Ingve Bøe

Personal information
- Full name: Ingve Henrik Bøe
- Date of birth: 29 September 1964 (age 60)
- Position(s): Left back

Youth career
- Sunde
- Vidar

Senior career*
- Years: Team / Apps / (Gls)
- 1984–1988: Vidar
- 1989–1995: Viking / 141 / (13)
- 1996: Bryne
- 1997–1999: Havørn
- 2000: Randaberg
- 2001–2002: Tasta
- 2002: Sunde
- 2003: Stavanger
- 2004: Madla

Managerial career
- 1997–1999: Havørn (player-manager)

= Ingve Bøe =

Norwegian footballer

Ingve Bøe (born 29 September 1964) is a retired Norwegian football defender. Best known for his period in Viking, he became 1989 cup champion and 1991 league champion.

==Career==
A youth player for Sunde IL, he was also a youth coach in the same club as a teenager. Bøe then joined FK Vidar. In 1984 he was selected for a Norway U20 training camp together with players such as Frode Grodås, Einar Rossbach, Rune Tangen, Jan Berg, Gunnar Halle, Sten Glenn Håberg, Vegard Skogheim and Arve Seland.

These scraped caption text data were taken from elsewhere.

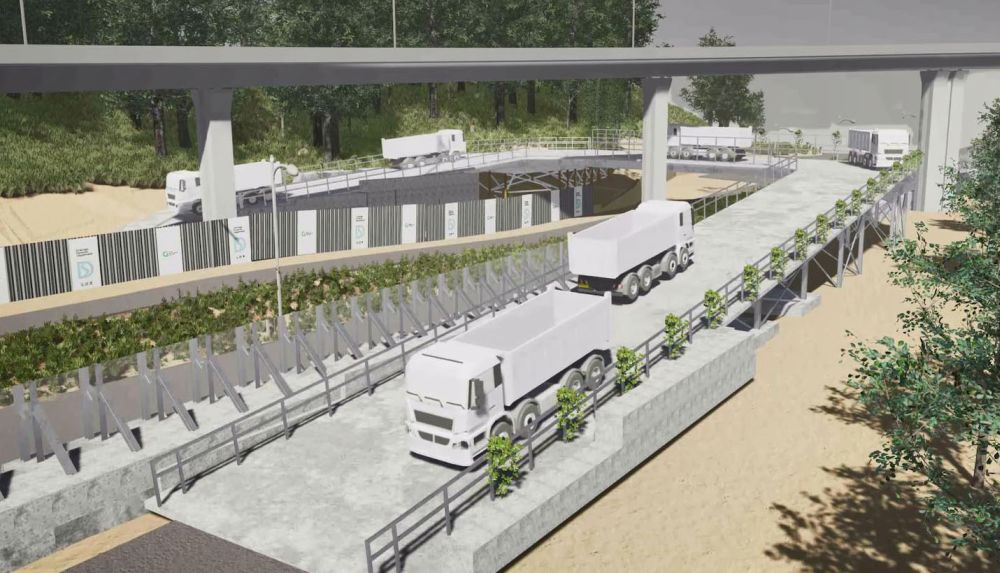 工程團隊應用了多項新技術，如建築信息模擬（Building Information Modelling，簡稱BIM）技術、「可供製造和裝配的設計」（Design for Manufacture and Assembly，簡稱DfMA）等，協助興建臨時行車天橋，提升工程效率。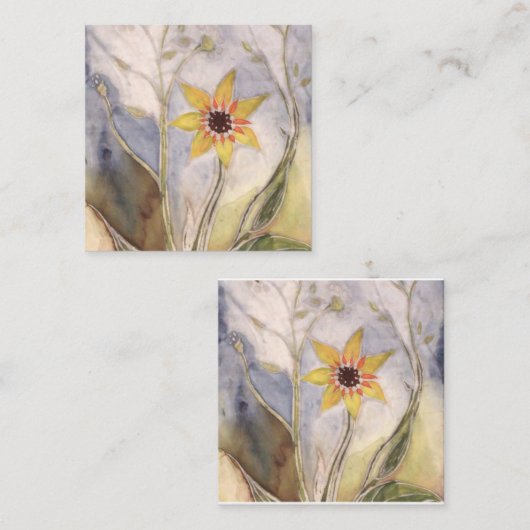 Sunflower スクエア名刺 (正面/裏面)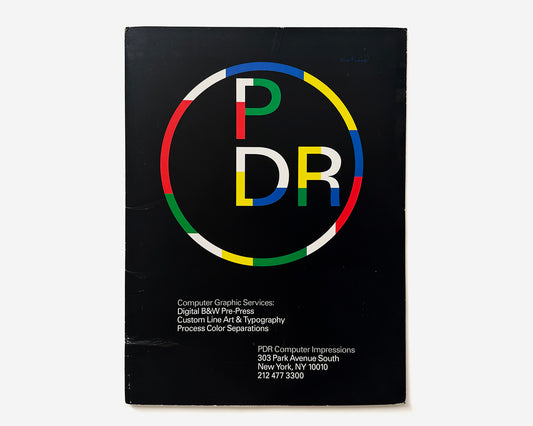 PDR — Pastore DePamphilis Rampone, Computer Graphic Impressions, 1987 [Paul Rand, Promotional Sales Folder]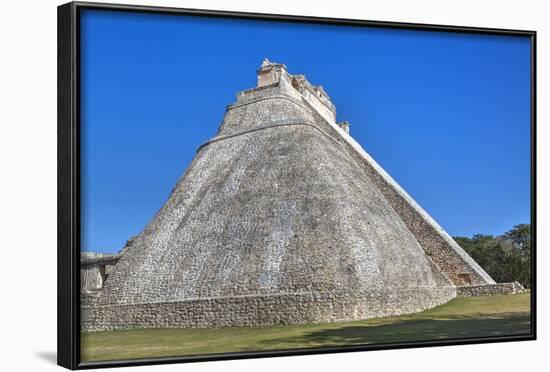 Pyramid of the Magician, Uxmal, Mayan Archaeological Site, Yucatan, Mexico, North America-Richard Maschmeyer-Framed Photographic Print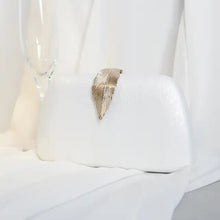 Load image into Gallery viewer, Evening Clutch Bag with Leaf Clasp Detail | Various Colours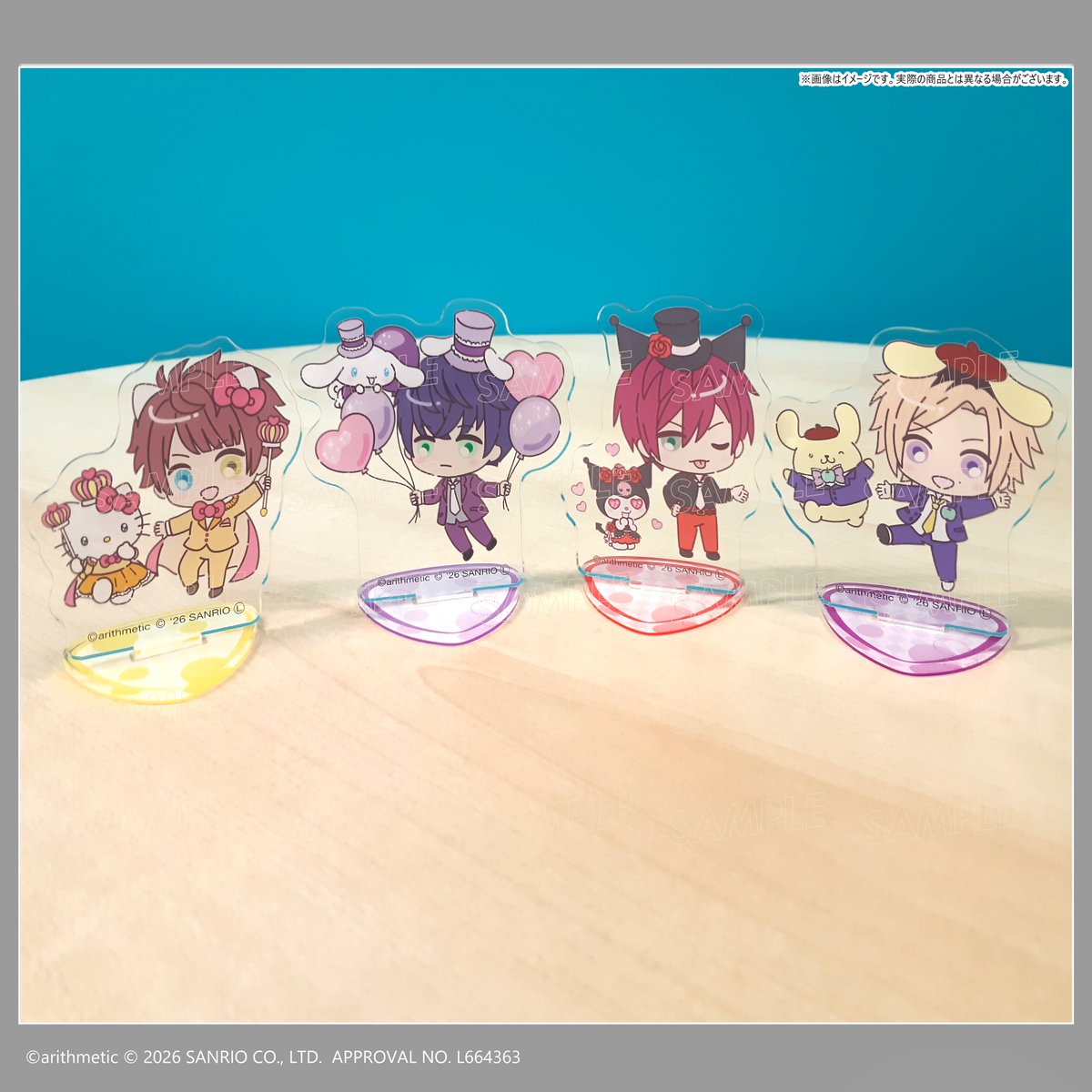 DYNAMIC CHORD × サンリオキャラクターズ ミニキャラアクリルスタンド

Ahead of the 1989 season he moved from Vidar to the larger team in the city, Viking FK. Bøe and Egil Fjetland was rumoured to cost combined. In the 1989 Norwegian Football Cup, Bøe was happy that Viking was drawn against Vidar in the third round. Viking reached the cup final, with Bøe and Kent Christiansen being the most stable players in defence. This was inconceivable one year prior, according to musings in Rogalands Avis. Bøe was also called "find of the year".

When Viking won the 1989 Norwegian Football Cup final, Bøe was praised for pacifying opposing striker Petter Belsvik. Later Prime Minister Kjell Magne Bondevik accused Bøe of a handball in the penalty area, for which no penalty was awarded.

Following the cup victory, Viking joined the 1990–91 European Cup Winners' Cup. Bøe played in both legs against RFC Liège, against whom Viking experienced two resounding losses. In 1990, Bøe came second in the player of the year vote arranged by Rogalands Avis, behind Roger Nilsen. The same newspaper called Nilsen and Bøe "the Katzenjammer Kids", as they were the only outfield players to play Viking's first 20 league matches of 1990.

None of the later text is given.